Dataset excerpt:
------------------------------------------------------------
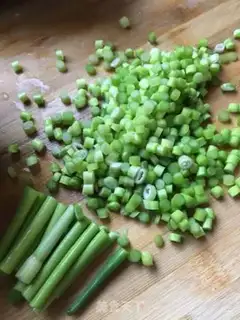Make Garlic meat buns step 1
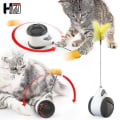 Miniatyrbild 2 av 5: Hhcx-tumbler Swing Toys For Cats Kitten Interactive Balance Car Cat Chasing Toy With Catnip(black)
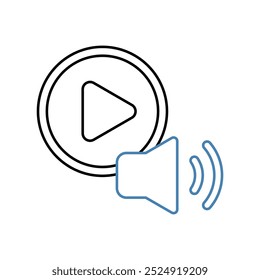 media concept line icon. Simple element illustration. media concept outline symbol design.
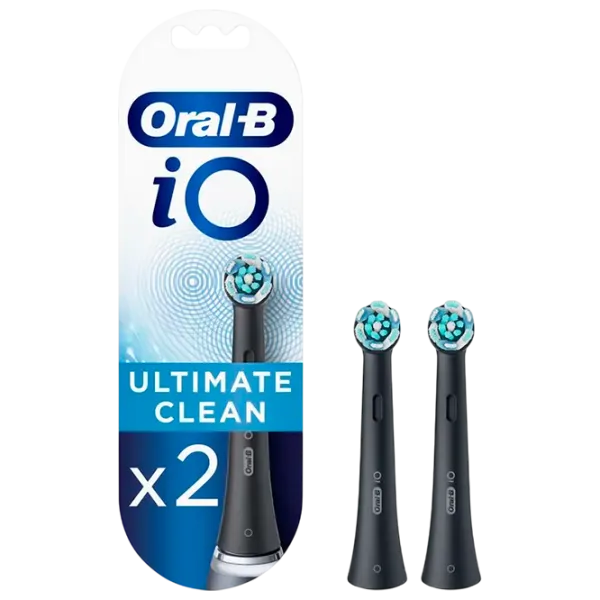 Rezervă pentru periuțe de dinți Braun iO Ultimate Clean Pentru maturi / Black photo 1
------------------------------------------------------------
The answer should be an exact copy of the material, with its pictures removed.

Expected output:
Make Garlic meat buns step 1
 Miniatyrbild 2 av 5: Hhcx-tumbler Swing Toys For Cats Kitten Interactive Balance Car Cat Chasing Toy With Catnip(black)
 media concept line icon. Simple element illustration. media concept outline symbol design.
 Rezervă pentru periuțe de dinți Braun iO Ultimate Clean Pentru maturi / Black photo 1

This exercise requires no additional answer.